Moreover, each installation suggested to me at least that, just as proximity and distance are conjoined, so too is coherent vision and its failure. Each showed a different version of this. Venetie 1111110001 played with scale and glitch: the image of the map and the Google Earth view became fragmented and shards played across the walls of the entire room, mixing up with glitches in the digitised version of the 1500 map and what were probably photos of its wooden printing blocks but might have been something else entirely, and what was also possibly a computer-generated image of Venice flooded. Or not. The robot wandered around doing its own thing, its projection beaming onto different surfaces and reflecting in random ways off of bodies and the mylar surrounding the Ferriscope room. As for the Ferriscope, that projection starts with very slow images – ferris wheels are slow – but speeds up and up until it starts to swing around the entire room and to lose visual recognisability, fragmenting into what the human eye can only see as the red, green and blue of the pixels.

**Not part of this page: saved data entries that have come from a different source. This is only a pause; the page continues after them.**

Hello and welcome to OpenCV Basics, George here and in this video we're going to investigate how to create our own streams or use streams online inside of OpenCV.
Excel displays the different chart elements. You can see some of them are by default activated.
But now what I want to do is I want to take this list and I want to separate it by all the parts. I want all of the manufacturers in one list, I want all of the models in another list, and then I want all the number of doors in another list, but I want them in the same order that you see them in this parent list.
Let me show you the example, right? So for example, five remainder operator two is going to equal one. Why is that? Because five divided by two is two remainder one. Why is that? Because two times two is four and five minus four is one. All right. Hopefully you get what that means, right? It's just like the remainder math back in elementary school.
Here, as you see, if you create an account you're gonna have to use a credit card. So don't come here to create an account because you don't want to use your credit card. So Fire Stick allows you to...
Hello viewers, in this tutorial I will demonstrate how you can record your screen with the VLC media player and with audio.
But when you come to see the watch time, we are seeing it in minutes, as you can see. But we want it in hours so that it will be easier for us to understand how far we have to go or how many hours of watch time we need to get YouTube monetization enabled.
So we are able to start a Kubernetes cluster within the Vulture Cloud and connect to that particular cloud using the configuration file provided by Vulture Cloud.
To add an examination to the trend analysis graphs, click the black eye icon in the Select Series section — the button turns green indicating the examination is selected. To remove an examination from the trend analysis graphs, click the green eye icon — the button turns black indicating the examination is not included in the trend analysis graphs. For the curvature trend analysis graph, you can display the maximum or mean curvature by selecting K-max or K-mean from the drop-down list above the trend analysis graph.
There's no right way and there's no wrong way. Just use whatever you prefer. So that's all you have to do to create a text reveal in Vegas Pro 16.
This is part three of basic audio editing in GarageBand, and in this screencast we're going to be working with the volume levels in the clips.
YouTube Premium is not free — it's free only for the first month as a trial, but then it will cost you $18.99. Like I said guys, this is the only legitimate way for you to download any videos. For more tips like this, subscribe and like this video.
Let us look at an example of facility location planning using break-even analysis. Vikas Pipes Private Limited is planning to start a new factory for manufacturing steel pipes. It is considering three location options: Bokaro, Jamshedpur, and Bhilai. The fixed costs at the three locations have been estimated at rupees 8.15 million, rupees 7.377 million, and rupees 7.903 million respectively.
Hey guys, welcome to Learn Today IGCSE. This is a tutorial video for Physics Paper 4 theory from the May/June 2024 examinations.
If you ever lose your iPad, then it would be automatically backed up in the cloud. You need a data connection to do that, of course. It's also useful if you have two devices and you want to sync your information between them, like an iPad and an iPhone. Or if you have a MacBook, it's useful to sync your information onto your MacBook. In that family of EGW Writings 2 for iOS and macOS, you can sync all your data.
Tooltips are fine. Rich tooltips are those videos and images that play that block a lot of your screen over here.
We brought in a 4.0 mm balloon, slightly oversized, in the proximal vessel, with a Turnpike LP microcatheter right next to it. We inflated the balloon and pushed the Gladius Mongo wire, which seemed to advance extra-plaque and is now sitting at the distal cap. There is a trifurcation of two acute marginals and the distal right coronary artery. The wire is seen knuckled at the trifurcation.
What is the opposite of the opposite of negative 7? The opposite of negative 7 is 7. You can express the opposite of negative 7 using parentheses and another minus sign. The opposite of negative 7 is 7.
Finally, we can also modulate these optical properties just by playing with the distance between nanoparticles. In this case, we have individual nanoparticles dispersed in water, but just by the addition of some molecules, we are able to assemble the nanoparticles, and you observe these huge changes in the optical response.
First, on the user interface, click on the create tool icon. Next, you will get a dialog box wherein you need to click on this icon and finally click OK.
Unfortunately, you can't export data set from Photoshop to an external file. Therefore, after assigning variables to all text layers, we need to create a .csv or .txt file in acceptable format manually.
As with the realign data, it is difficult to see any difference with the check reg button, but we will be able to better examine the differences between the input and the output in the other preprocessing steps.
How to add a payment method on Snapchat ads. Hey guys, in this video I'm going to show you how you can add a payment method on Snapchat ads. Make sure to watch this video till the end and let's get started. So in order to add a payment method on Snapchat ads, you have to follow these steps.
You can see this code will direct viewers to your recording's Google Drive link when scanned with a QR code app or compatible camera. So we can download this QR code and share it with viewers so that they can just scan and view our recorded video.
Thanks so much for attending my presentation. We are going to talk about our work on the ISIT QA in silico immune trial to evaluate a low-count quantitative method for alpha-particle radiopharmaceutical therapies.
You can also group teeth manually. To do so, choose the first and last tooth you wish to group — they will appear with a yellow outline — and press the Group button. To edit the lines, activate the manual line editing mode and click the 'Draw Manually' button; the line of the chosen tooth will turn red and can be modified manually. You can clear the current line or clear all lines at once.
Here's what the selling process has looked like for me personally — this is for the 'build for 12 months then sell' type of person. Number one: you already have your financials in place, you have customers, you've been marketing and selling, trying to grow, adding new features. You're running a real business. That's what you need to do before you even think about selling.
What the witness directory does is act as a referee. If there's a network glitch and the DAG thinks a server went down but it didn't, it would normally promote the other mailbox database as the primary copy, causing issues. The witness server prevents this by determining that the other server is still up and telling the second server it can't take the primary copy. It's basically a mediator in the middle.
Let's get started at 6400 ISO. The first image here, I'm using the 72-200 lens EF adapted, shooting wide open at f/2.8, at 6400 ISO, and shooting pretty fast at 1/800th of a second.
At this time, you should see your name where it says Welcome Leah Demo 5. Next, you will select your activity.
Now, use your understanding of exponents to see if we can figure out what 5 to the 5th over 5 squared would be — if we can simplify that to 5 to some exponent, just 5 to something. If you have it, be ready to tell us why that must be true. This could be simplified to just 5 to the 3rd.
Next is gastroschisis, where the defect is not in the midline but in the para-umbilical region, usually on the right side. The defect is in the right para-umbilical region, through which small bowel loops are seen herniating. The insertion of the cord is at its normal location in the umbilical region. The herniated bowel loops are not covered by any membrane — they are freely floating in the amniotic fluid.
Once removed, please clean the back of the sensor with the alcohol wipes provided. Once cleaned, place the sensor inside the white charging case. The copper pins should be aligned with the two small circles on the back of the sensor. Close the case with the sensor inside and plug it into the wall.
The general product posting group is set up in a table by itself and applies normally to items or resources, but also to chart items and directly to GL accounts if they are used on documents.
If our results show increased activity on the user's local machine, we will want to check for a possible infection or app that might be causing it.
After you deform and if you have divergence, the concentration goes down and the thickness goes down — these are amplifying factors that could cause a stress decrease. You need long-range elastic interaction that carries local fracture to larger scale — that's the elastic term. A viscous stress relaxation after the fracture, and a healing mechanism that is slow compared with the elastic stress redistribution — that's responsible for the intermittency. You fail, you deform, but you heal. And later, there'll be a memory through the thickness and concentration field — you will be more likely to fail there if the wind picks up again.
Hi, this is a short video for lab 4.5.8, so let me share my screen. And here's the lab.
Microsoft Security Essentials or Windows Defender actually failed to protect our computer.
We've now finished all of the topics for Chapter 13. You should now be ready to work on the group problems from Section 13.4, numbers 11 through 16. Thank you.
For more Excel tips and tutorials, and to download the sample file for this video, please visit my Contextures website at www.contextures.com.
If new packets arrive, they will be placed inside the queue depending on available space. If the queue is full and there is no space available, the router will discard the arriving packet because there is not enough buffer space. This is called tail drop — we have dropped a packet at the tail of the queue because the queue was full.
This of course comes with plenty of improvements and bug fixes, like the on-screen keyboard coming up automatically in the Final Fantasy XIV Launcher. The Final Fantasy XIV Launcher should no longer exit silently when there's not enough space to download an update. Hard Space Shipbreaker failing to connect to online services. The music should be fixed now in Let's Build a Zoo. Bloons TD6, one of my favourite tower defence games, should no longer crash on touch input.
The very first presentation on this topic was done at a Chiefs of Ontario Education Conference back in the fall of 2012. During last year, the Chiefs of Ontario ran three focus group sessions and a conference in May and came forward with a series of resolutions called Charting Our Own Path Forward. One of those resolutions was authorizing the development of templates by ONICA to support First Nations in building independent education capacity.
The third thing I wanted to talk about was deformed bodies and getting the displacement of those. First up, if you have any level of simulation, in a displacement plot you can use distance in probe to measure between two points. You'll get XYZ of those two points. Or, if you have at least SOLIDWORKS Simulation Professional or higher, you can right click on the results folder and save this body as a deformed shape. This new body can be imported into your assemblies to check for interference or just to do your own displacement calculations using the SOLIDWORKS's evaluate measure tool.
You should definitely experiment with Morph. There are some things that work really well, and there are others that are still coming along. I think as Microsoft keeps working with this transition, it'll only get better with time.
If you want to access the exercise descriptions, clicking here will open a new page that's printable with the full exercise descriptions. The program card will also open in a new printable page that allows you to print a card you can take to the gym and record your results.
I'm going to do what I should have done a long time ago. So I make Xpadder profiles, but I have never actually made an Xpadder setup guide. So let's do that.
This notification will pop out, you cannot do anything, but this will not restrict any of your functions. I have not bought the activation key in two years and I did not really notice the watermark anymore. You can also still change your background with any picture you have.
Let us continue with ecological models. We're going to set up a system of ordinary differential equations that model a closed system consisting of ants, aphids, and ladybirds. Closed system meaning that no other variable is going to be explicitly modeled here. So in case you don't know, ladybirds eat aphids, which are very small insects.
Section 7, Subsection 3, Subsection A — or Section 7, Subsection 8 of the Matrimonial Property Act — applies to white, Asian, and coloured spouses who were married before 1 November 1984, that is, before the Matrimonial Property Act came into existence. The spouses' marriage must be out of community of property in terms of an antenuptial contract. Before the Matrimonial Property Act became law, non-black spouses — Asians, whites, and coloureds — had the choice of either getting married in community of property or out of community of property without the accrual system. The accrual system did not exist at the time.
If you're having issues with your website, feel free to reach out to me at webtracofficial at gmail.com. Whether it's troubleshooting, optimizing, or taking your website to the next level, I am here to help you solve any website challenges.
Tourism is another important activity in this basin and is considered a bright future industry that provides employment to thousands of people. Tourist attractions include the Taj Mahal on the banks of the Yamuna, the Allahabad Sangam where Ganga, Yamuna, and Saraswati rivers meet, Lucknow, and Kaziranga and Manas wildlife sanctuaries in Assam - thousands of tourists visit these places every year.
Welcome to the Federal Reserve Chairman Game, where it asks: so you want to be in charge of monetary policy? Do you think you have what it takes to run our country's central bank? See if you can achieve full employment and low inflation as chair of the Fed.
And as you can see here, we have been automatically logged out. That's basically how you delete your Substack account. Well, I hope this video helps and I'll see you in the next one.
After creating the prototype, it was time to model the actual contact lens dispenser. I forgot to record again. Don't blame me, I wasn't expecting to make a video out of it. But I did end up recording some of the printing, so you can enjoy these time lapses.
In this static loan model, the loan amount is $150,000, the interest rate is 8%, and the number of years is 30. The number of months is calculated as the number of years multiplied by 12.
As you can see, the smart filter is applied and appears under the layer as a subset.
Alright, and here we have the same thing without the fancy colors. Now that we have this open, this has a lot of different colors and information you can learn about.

All of this suggests a much more complex visual field than popular notions of surveillance and spectacle assume. It suggests a multiplicity of such views which, because each relies on a specific assemblage of technologies and bodies, don’t align. And it suggests that each contains not only proximity and distance, but other antinomies too: coherence and dispersal; integrity and incoherence; legibility and glitch. These things need to be thought together, it seems to me, and PROXISTANT VISION – or visions – is a generative prompt to do so.

With thanks to the Berkeley geographers who joined me at the Museum of Craft and Design: Emma, Clancy, Maria, Alexis and Fiona.

Bigger Than Life beyond perspective

I’ve been reading Bigger Than Life: The Close-Up and Scale in the Cinema by Mary Ann Doane, published in 2021 by Duke University Press. It’s a fascinating discussion of the spatial organisation of cinematic film – both classic and avant-garde – and the spaces offered to the spectators of those films. Her discussions of those films are always interesting, and make a distinctive contribution to the current discussions about three-dimensionality, scale and zoom in film and other media.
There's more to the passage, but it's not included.